La culture du pavot est réglementé dans les territoires soumis à l’administration directe des anglais. En 1906-1907, plus de 1,5 millions de cultivateurs produisent du pavot, essentiellement dans la vallée du gange. Dans les autres territoires, la culture est libre et représente environ 50% de la superficie régie par les anglais. La presque totalité de l’opium des Etats indigène est concentré entre les mains de quelques grandes maisons de commerce de Bombay et de là exporté dans tout l’extrême orient. Ces exportations représentent de substantiels revenus pour le gouvernement indiens, dont les 2/3 proviennent des exportations vers la Chine.

L'opium dans les autres pays asiatiques :

L’Administration des Indes Néerlandaises tire de la Régie de l’Opium d’importants bénéfices.

L’opiomanie, pourtant, n’a pas fait dans la population malaise des ravages comparables à ceux qu’on observe en Chine..

Dans les autres pays d’Extrême Orient, l’usage de l’opium bien qu’assez répandu ne constitue pas encore un danger. Aux Philippines, l’opium n’est consommé que par des immigrés chinois. Les Persans, comme les Theriakhis de l’Inde, font l’usage d’opium allié au chanvre indien. Au Japon, c’est contre l’emploi direct de la morphine par injection que le gouvernement a surtout à lutter.


 

 

 

La lutte contre l'opium 

Le 16 septembre 1906, un édit de l’Empereur de Chine déclarait la guerre à l’opium.

La Commission Internationale de l’opium à Shanghai, 1909

L’Allemagne, l’Autriche-hongrie, la chine, les Etats Unis, la France, la Grande Bretagne, l’Italie, le japon les pays bas, la perse le Portugal la Russie et le Siam y participèrent.

A défaut de décision concrète, cette conférence internationale a aidé à sensibiliser les états sur cette question.

Les Etats Unis prirent ensuite l’initiative d’organiser une 2eme  conférence en 1912 à la Haye,  ou des mesures plus précises furent prises, bien que la Chine ne fut pas en mesure de prouver de l’abandon complet de la culture du pavot sur son territoire.

En Indochine, des mesures commérèrent à être prises, bien qu’il soit difficile d’en préciser la sincère portée, les enjeux financiers étant considérables. Ainsi, dès le mois de juin 1907, un arrêté interdisait l’ouverture de nouvelles fumeries. La hausse des prix constatée sur les années suivants profita néanmoins largement aux finances publiques. Le commerce des stupéfiants fut ensuite réglementée en 1915, d’abord en métropole puis en Indochine.

Concernant l’Indochine, il semble que l’arrêt de la production ne fut réelle qu’en 1954.


Fumeuse de pipe 

 

 

Du pavot à l'opium ...

L’opium est extrait du pavot blanc.

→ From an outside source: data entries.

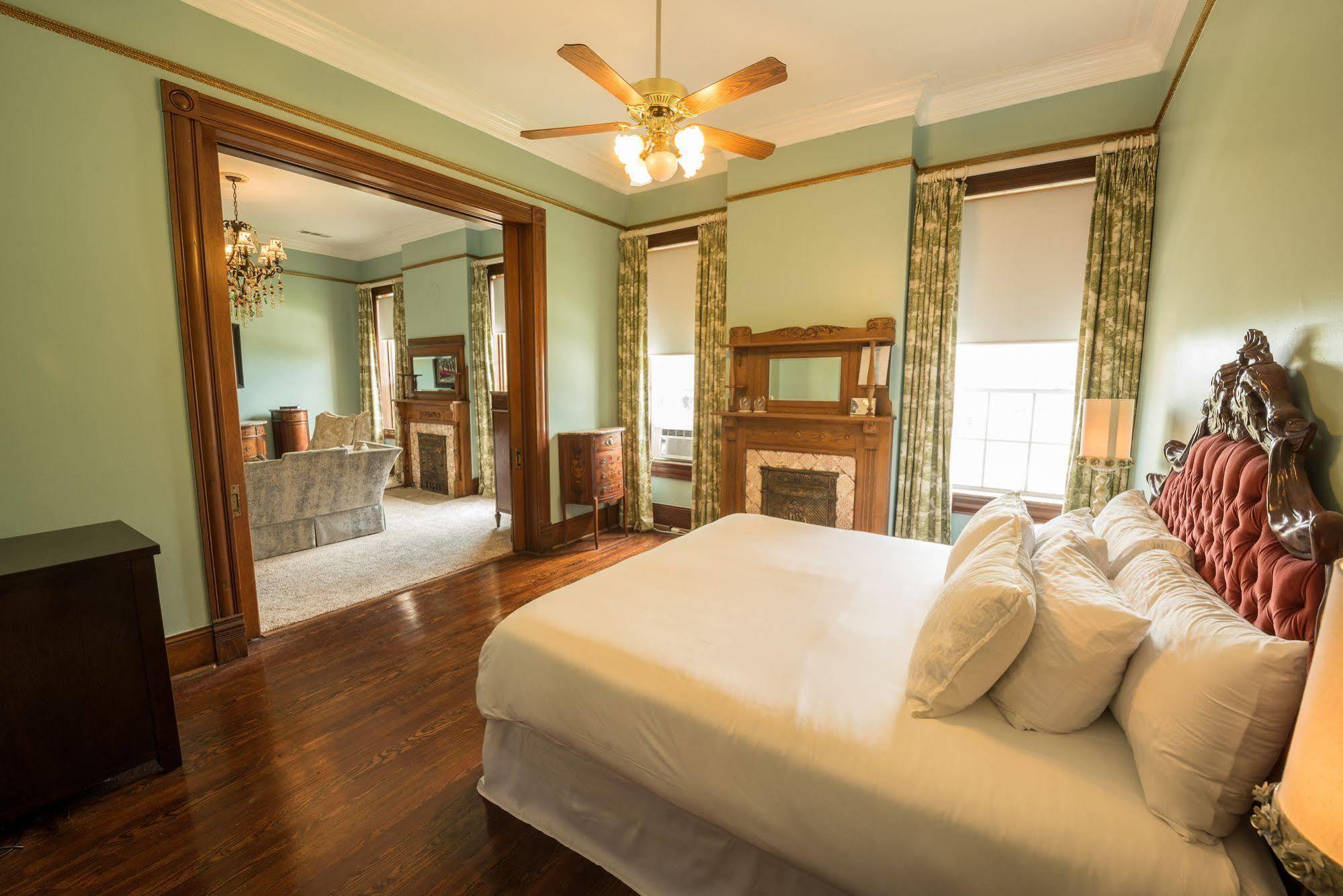 Bed and Breakfast Mosheim Mansion Seguin Exteriér fotografie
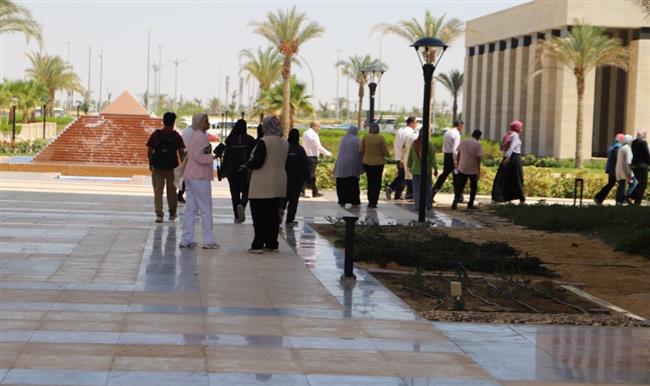 بالصور والفيديو.. محاكاة لعملية إخلاء إذا تعرض مبنى وزارة العمل لحادث طارئ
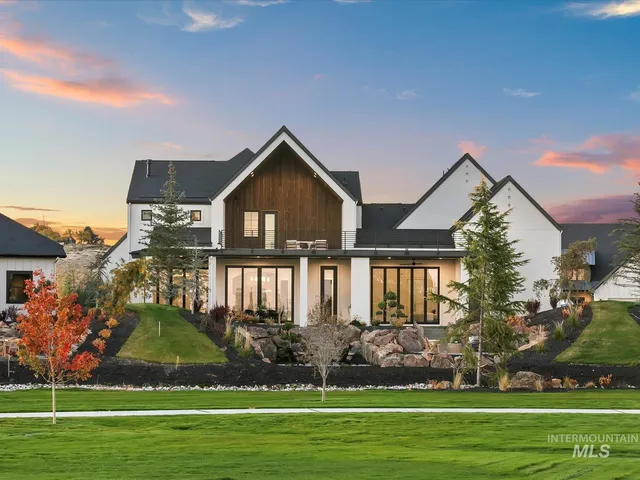 $2,325,000 | 3470 North Harvest Moon Way, Eagle, ID 83616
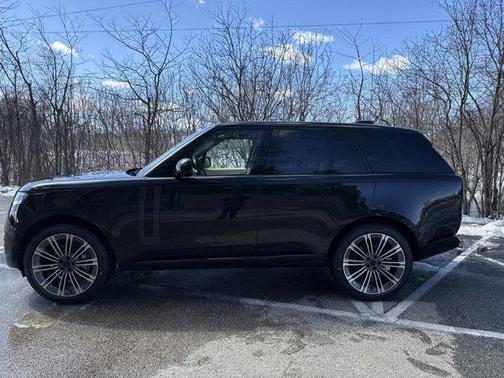 Santorini Black 2026 Land Rover Range Rover P400 SE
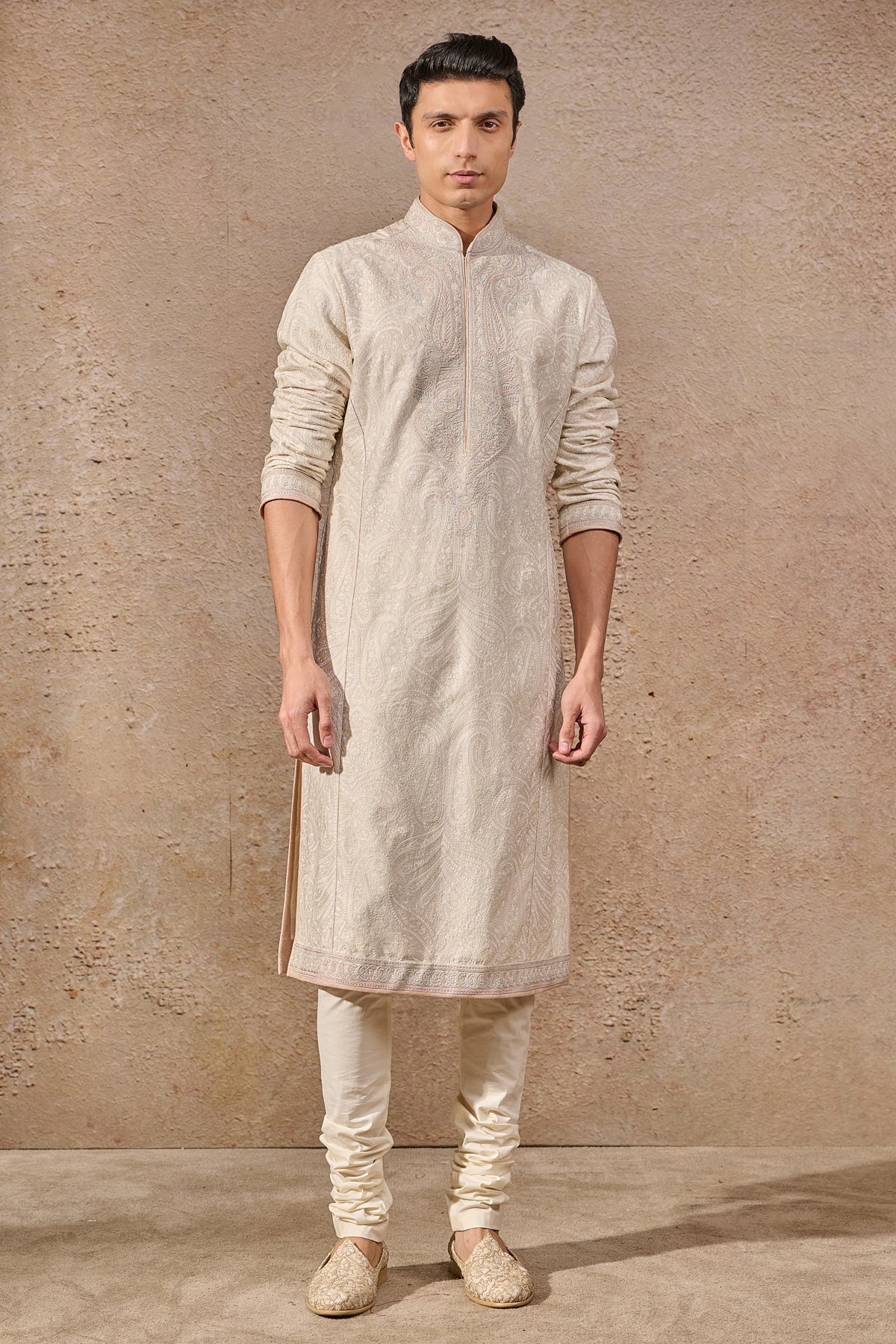 Self Textured Embroidered Kurta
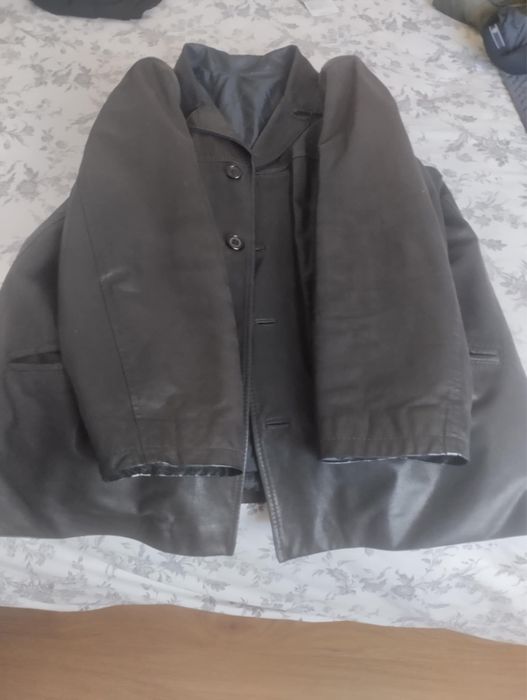 Casacos em pele como novos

Le pavot est cultivé dans des terres élevées qui doivent avant l’ensemencement être soigneusement fumées. On sème en novembre. La floraison a lieu en février. On procède alors à la cueillette des pétales qui serviront à la confection des enveloppes destinées à contenir l’opium. Quelques jours après, on récolte le suc des capsules. Ces dernières sont scarifiées à l’aide de lancettes à 4 ou 5 lames. Les incisions sont faites verticalement de la base au sommet de la capsule. Le latex s’écoule, d’abord d’un blanc laiteux ; il s’épaissit peu à peu et prend une couleur plus foncée. Il faut parfois 4 ou 5 scarifications pour épuiser la capsule.

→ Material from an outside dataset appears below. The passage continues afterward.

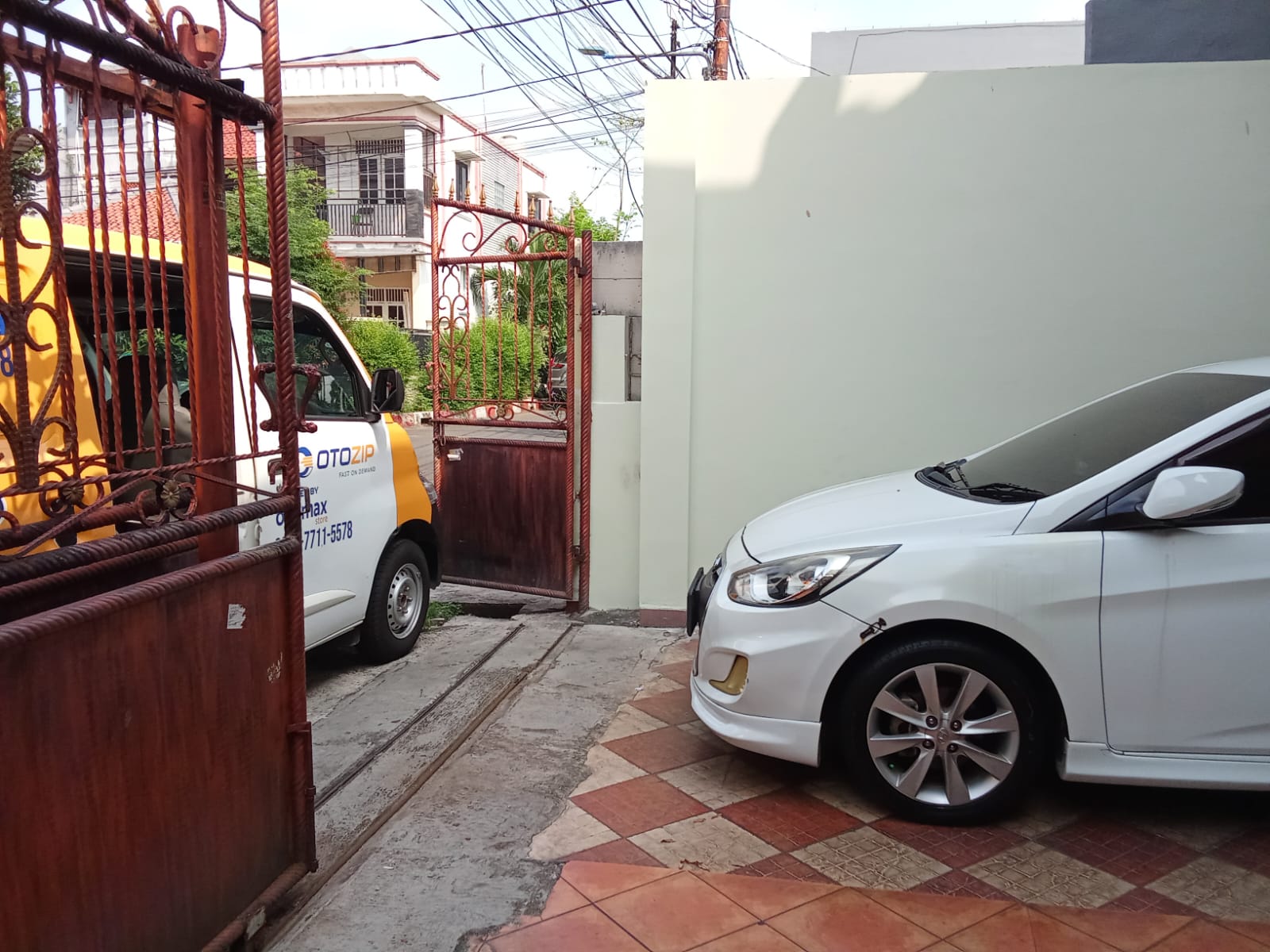 Warga Sumur Bandung Kini Ramai Ada Tambal Ban Panggilan 24 Jam Praktis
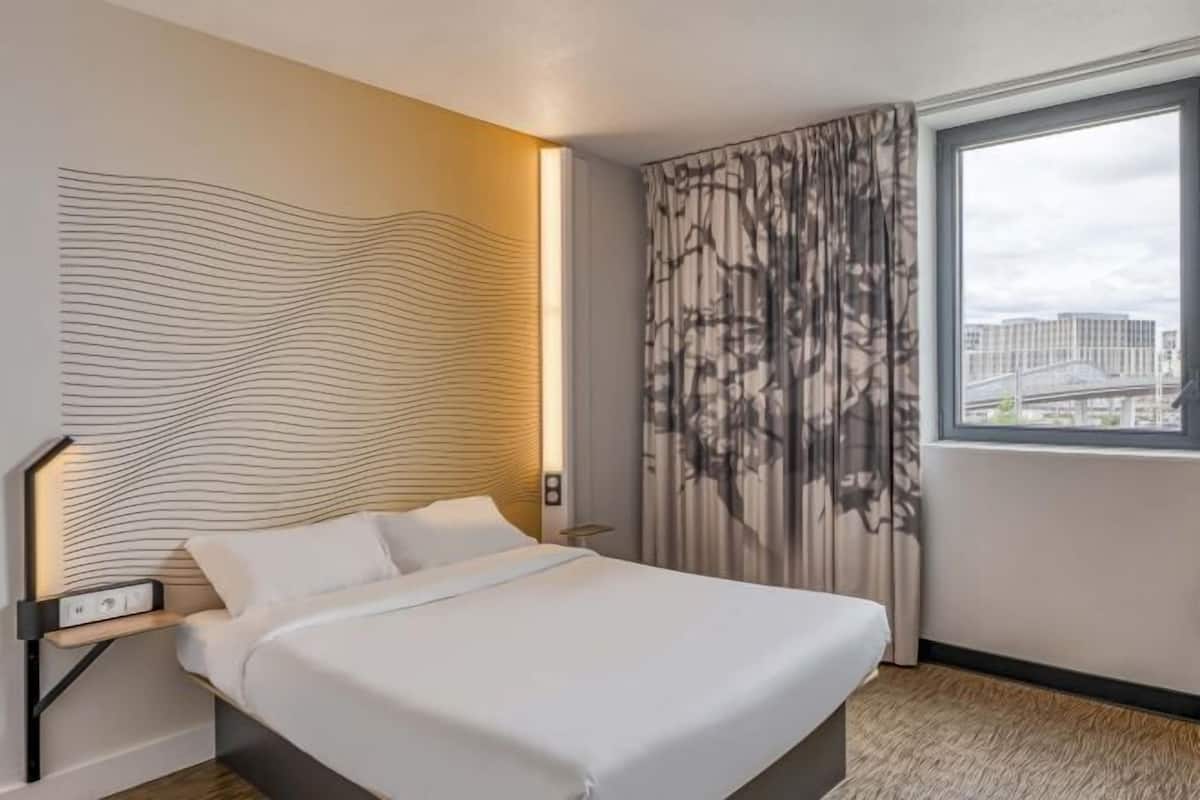 Ropa de cama de alta calidad, escritorio y cortinas blackout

L’opium est placé dans des vases de terre et laissé au repos ; au bout de quelques jours un liquide particulier le « passewa » se sépare de la masse, on le décante de façon à débarrasser complètement l’opium de ce passewa.

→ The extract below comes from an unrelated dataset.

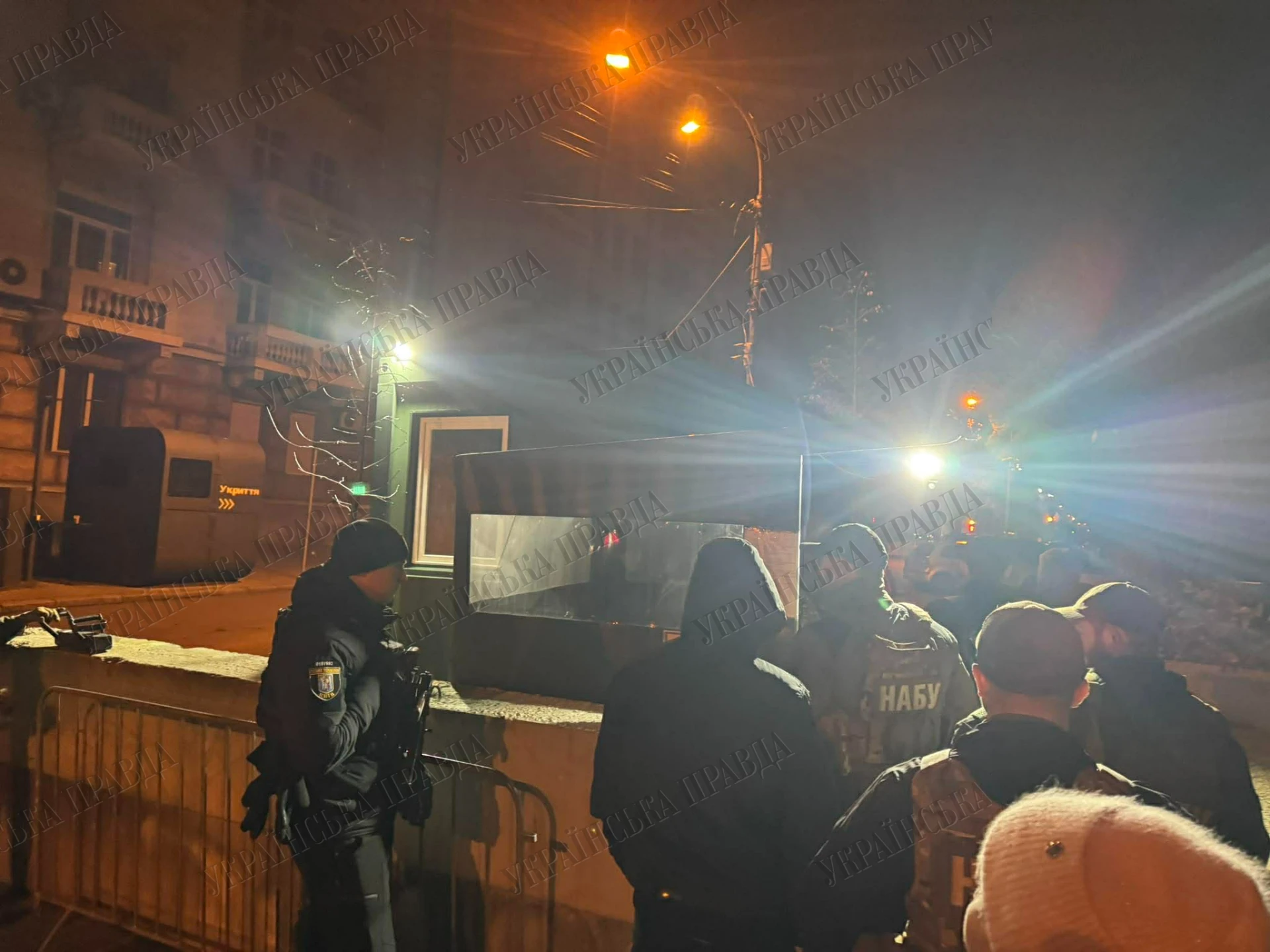 НАБУ и САП проводят обыски у главы ОП Ермака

Après décantation, l’opium est laissé dans des vases au contact de l’air jusqu’à ce qu’il y ait la consistance d’une plate semi molle.

L’opium est alors mis en jarres scellées.

Avant la confection des boules, on verse le contenu des jarres dans de grandes cuves ; on l’y fait séjourner jusqu’à ce que l’opium ait la consistance du type étalon, c’est à dire 70% d’opium et 30% d’eau.

Pour confectionner les boules, les ouvriers garnissent le fonds d’une coupe de cuivre légèrement chauffée, d’une couche d’environ 1 cm d’épaisseur de pétales collées les uns aux autres avec un liquide spécial appelé « lewals »

 On introduit l’opium dans la coupe et on le pétrit de façon à lui donner la forme d’une boule, on le recouvre ensuite de pétales imbibés de lewals. Le pain détaché de la coupe est roulé dans des feuilles de pavot pulvérisées puis séchées en plein air.

Les boules pèsent 1,750 kilo ; elles sont emballées dans des caisses contenant 40 boules.